This summing of acoustic energy may be done over all frequency
bands, or only across those bands for which speech energy is likely
(e.g. excluding extreme high and low frequencies).
[0065] Once a VAD estimate has been calculated, the signal can be
used in a number of different ways in the hearing assistance
device. The VAD signal can be used to automatically change the
acceptance window in the gain stage, moving the contour lines 81,
83, 85, 87 and 89 (FIG. 4) depending on whether or not a talker is
present. When no talker is present the acceptance window is widened
by expanding the contour lines 81, 83, 85, 87 and 89 away from the
origin 76 and/or each other. Likewise, when a talker is present the
acceptance window is narrowed by contracting the contour lines
(FIG. 4) towards the origin 76 and/or each other. Another way the
VAD signal can be used is to adjust how quickly the gain out of
block 41 (FIG. 3) is allowed to change from one moment to the next
within a frequency bin. For example, when a talker is present the
gain is allowed to change more rapidly than when a talker is not
present. This results in reducing the amount of musical noise in
the processed signal. A still further way the VAD can be used is to
assign a gain of 0 or 1 to each frequency bin depending on whether
it was likely that no speech was present (gain of 0) verses it
being likely that speech is present (gain of 1). Combinations of
the above are also possible.
[0066] A VAD typically processes an audio signal that has the
potential of containing speech. As such, the outputs of block 24 in
FIG. 3 can feed into a VAD. Alternatively, the outputs of
multipliers 90 and 92 of FIG. 3 can feed into a VAD. In either
case, the output of the VAD would feed into (a) block 34 if the VAD
signal is being used to control the acceptance window, and/or (b)
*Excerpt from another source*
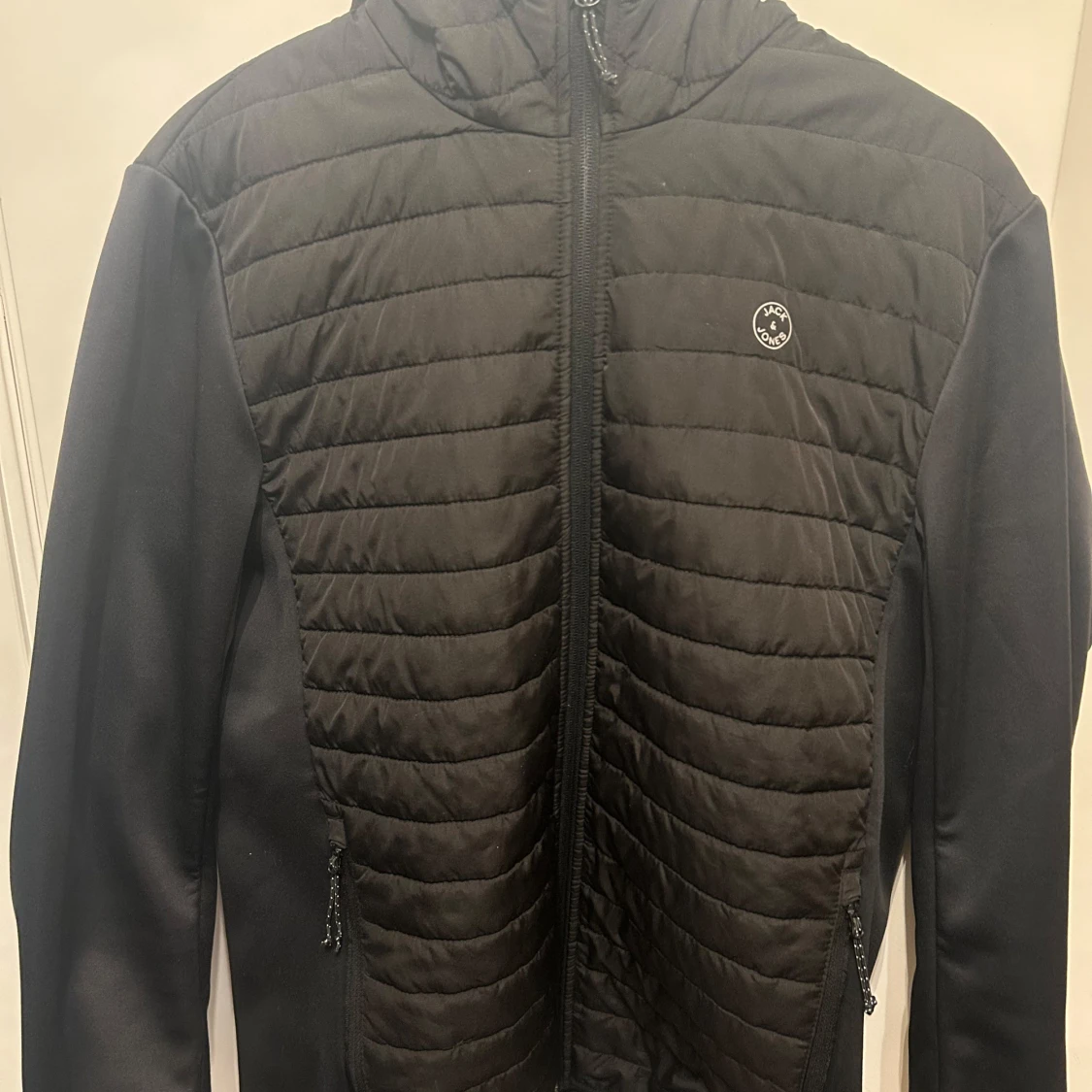 Svart jack and Jones jacka med huva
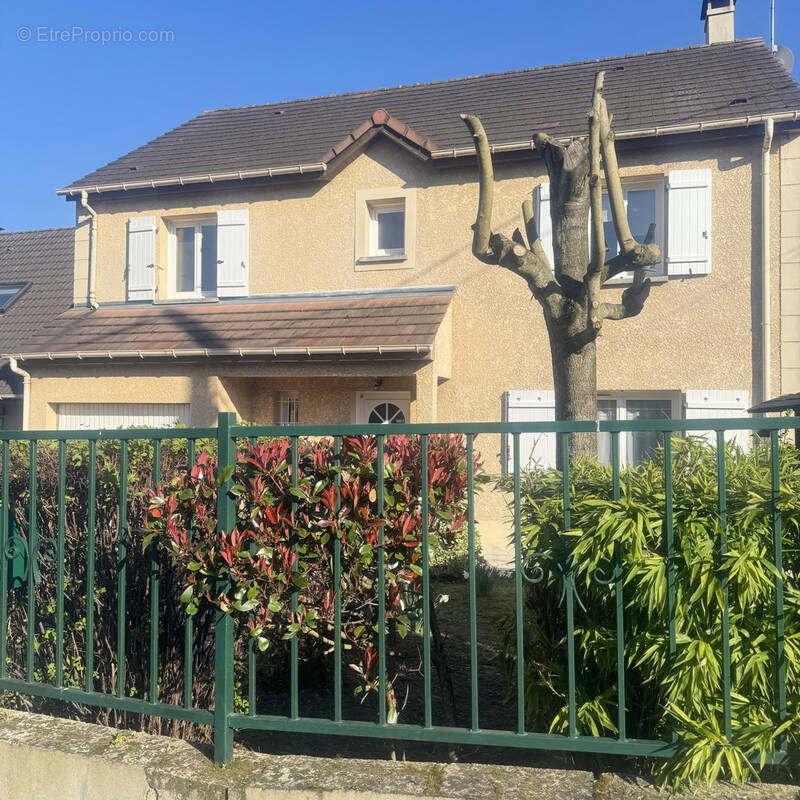 Maison à MONTIGNY-LES-CORMEILLES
block 41 if the VAD signal is being used to control how quickly the
gain is allowed to change (both described in the previous
paragraph).
[0067] In FIG. 7 another example is shown in which a VAD 104
receives a signal from the output of gain block 41. This is unusual
because the VAD is not receiving an audio signal which may include
speech: the VAD is receiving a signal derived from audio signals
which may contain speech. The VAD 104 is part of a post-processing
block 106.
[0068] When there is a talker directly facing a user of the hearing
assistance device with no other jammers, the output of gain block
41 (see FIG. 9) has a strong resemblance to a spectrogram of the
talker's speech (see FIG. 8). Note that in FIG. 9, when the desired
talker is not producing sound, there is still ambient noise,
acoustic and/or electric, which does not meet the acceptance
criteria. This results in low gain at times and frequencies where
there is little or no desired talker acoustic energy. In FIG. 8 a
talker has uttered a single sentence in the time between t=7.7 and
9.7 seconds. The x-axis in FIG. 8 shows the time variable and the
y-axis shows the frequency variable. The brightness of the plot
shows the energy level. So, for example, at about f-1000 hz and
t-8.2 sec, the talker has a lot of energy in his speech. In FIG. 9
the x and y axes are the same as in FIG. 8. Brightness of the pot
in FIG. 9 indicates the gain. FIGS. 8 and 9 together demonstrate
that the degree to which the gain signal out of block 41 is
stationary is an excellent measure of stationarity of the speech,
and thus the voice activity of a desired talker. This is reflected
in the similarity of the speech signal spectrogram in FIG. 8 and
the gain signal in FIG. 9. The degree to which the gain signal is
stationary depends only on the voice activity of the desired
talker, since the gain remains generally low for jammers (undesired
talkers) and noise. The VAD of FIG. 7 provides a measure of voice
activity only for the desired talker. This is an improvement over
prior VAD systems which have some response to off-axis jammers and
other noise.
[0069] In FIG. 7 a number of filters, both linear and non-linear,
are used to process a gain signal out of block 41. The parameters
of some of the filters change based on the VAD estimate, while
parameters for other filters change based on the input value of the
filter in each frequency bin. Each of the filters in block 106
provide an additional benefit, but the greatest benefit comes from
a VAD driven low pass filter (LPF) 108. LPF 108 can be used alone
or in combination with some or all of the filters which follow
it.
[0070] A gain signal exiting block 41 feeds both the VAD 104 and
the LPF 108. The LPF 108 processes the gain signal and the VAD 104
sets the cutoff frequency of the LPF 108. When the VAD 104 gives a
high estimate (indicating a desired talker is likely to be
present), the frequency cutoff of the LPF 108 is set to be
relatively high. As such, the gain is allowed to change rapidly
(still limited by slew rate limiting discussed above. to follow the
talker of interest. When the VAD estimate is low (indicating only
jammers and ambient noise are present), the frequency cutoff of the
LPF 108 is set to be relatively low. Accordingly, gain is
constrained to change more slowly. As such, false positives in the
gain signal (indicating a desired talker is present when this is
not the case) are greatly slowed down and significantly rejected.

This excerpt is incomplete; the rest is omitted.